Our director of economic analysis Bob Johnson has been looking at the economic indicators for several years now, and he has a few guiding principles that can help you read those economic reports, too. He's here to share those with us today.

Thanks for joining me, Bob.

Bob Johnson: Great to be here.

Stipp: The first guiding principle is something that I hear you say a lot, and when you say it, you say, "There's a certain way that I like to look at the data and that's on a…"

Johnson: Three-month moving average, year-over-year basis.

Stipp: So, why do you look at the data that way. What does that do to help you get a better handle on the trends?

Johnson: Well, it strips out the monthly noise. So many of these reports are things that are mailed in, called in, and maybe one month somebody doesn't send something in, maybe some month somebody has a big sale they didn't have last year. … The economy moves and a lot of the data can get messed up in a single month.

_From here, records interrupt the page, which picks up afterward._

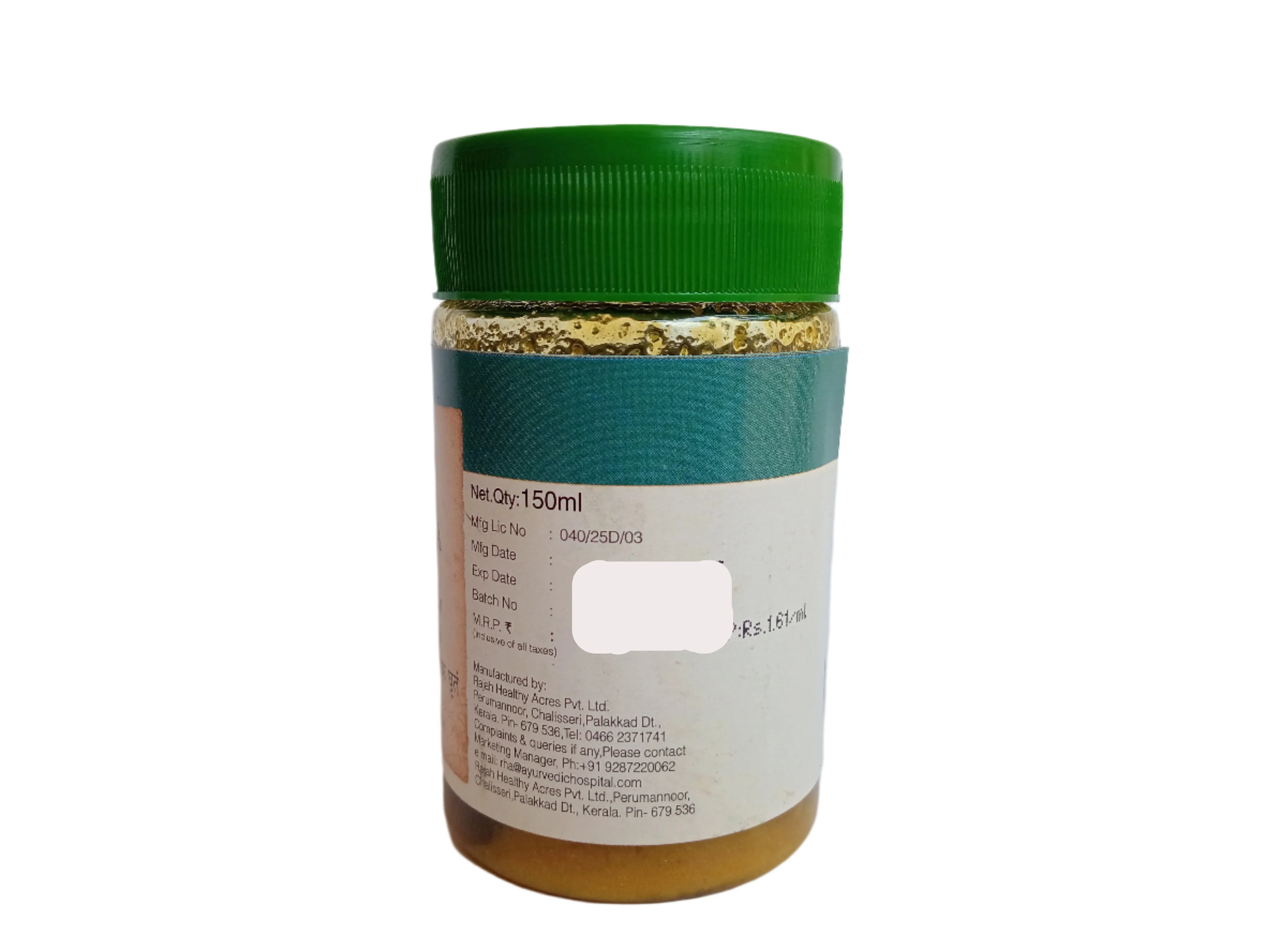 Kalyanaka Ghritham - 150ml - Rajah Ayurveda - Image 2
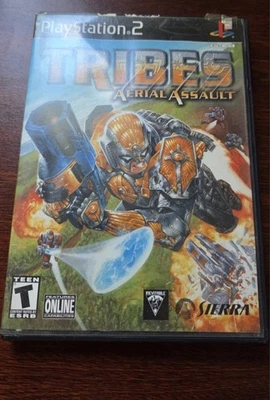 Tribes Aerial Assault - cib - PS2 PlayStation 2 Sony - Image 1 of 2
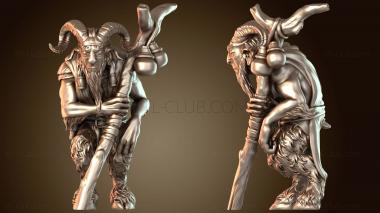 3D модель Фавн Старейшина Нейтральный (STL)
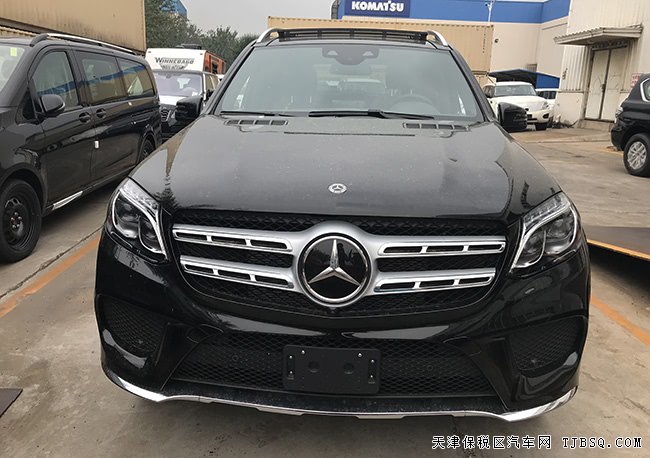 18款奔馳GLS450加規(guī)版 豪華包/運動包/智駕包現車125萬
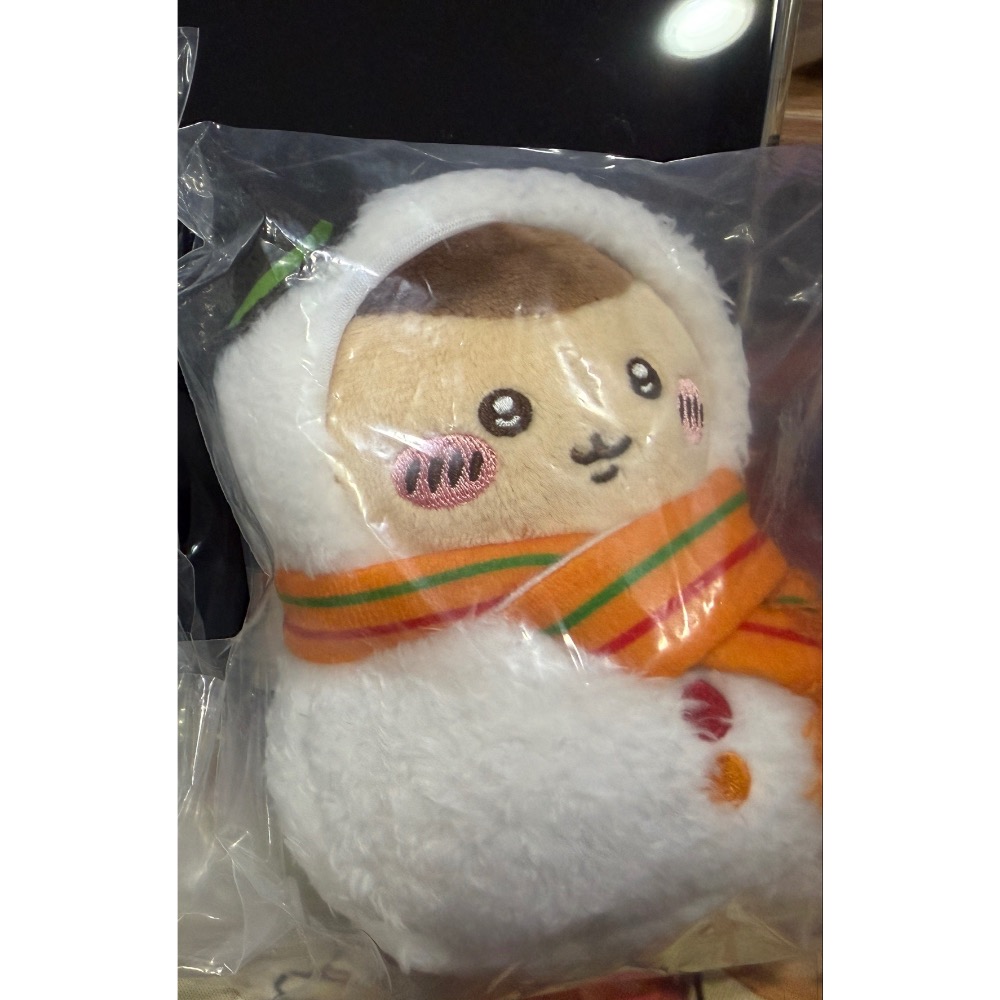 全新 伏見稻荷 零錢包 古本 小桃手機支架 道奇兔兔 小熊兔兔 海豹2隻 雪人栗子饅頭-細節圖6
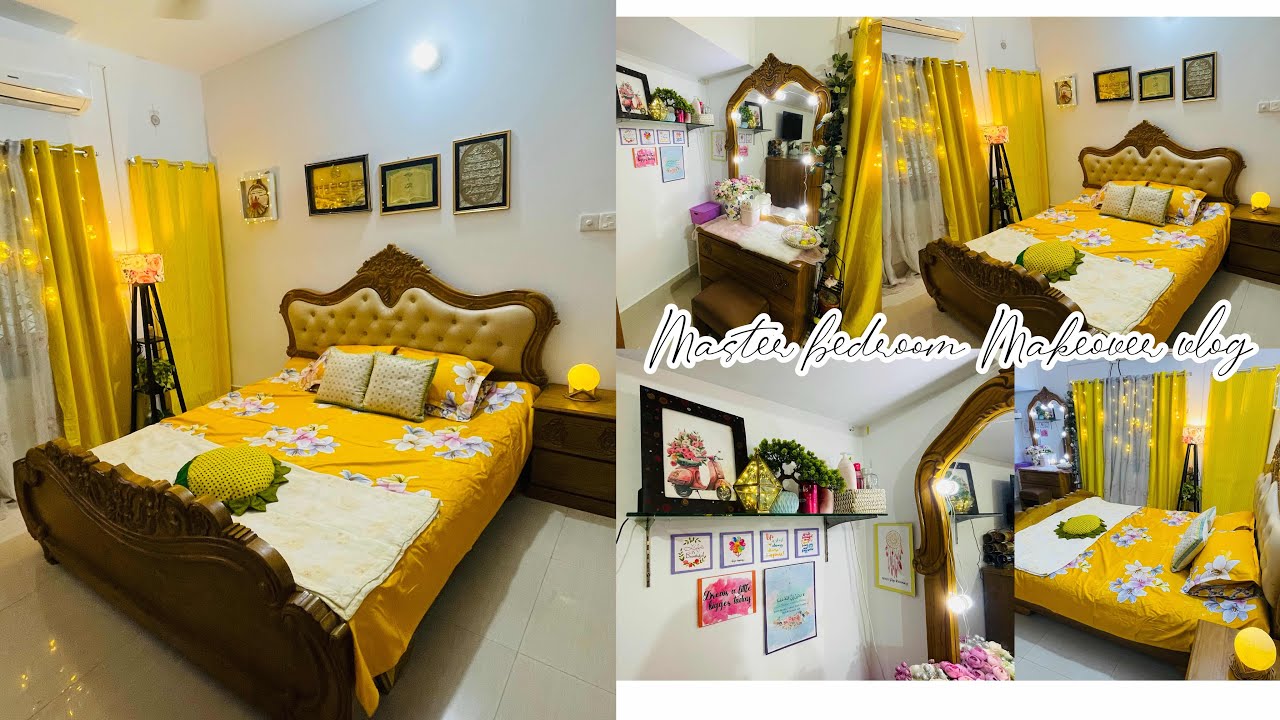 শোবার ঘর সাজিয়ে নিলাম🥰//Bedroom Makeover vlog 2023 🇧🇩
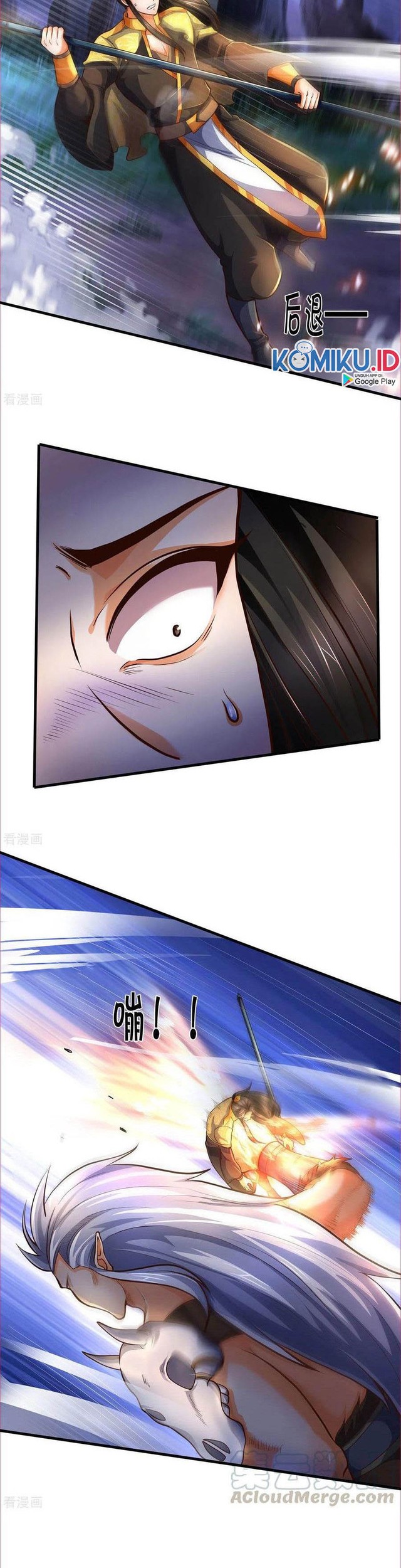 Shenwu Tianzun Chapter 287 Gambar 3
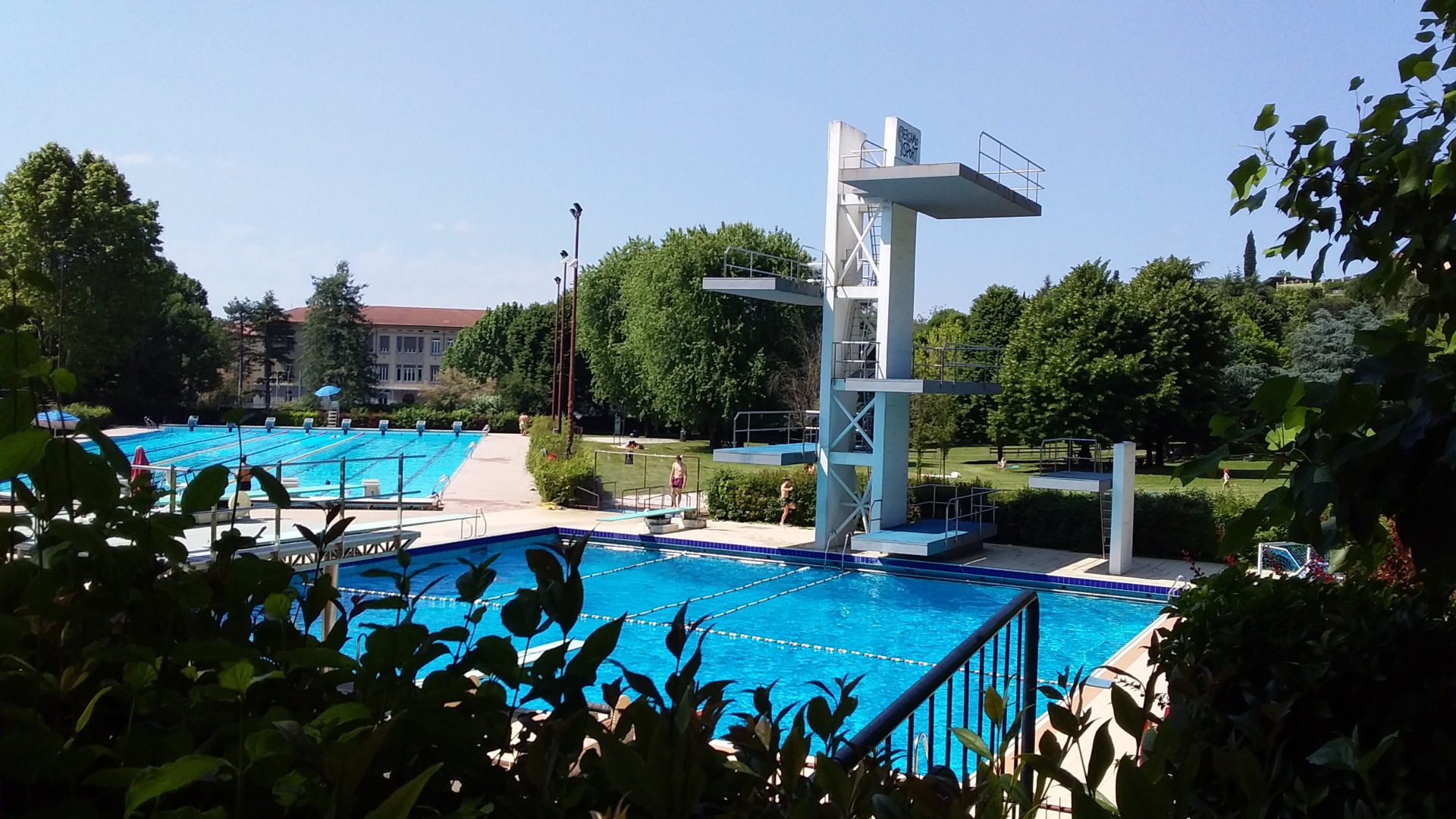 Piscine Italcementi, direzione lavori affidata in via provvisoria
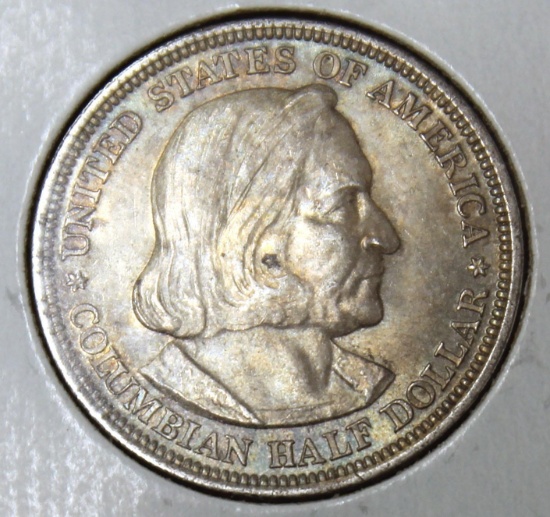 1893 Columbian Expo Commemorative Half Dollar
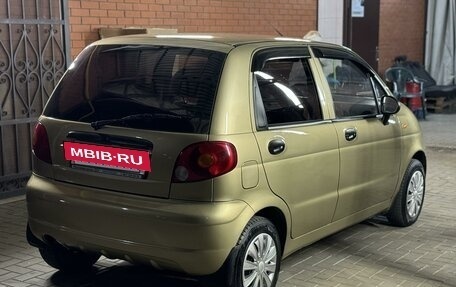 Daewoo Matiz I, 2008 год, 370 000 рублей, 7 фотография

So a three-month moving average is a great concept, [a great] way of looking at things, because it smoothes out some of those things. Sometimes there are strikes. There are a million things. So, that's one thing that I do for sure. So that's the "three-month" part.

The other part is the "year-over-year," and that deals with the seasonality issue. So many of the data are adjusted seasonally, and those seasonal adjustment factors have in many cases, in my opinion, been wrong. We've had a really volatile economy, we've had recessions, we've had auto industries completely change the way they account for their summer shutdowns, and all of those things make it a moving target. …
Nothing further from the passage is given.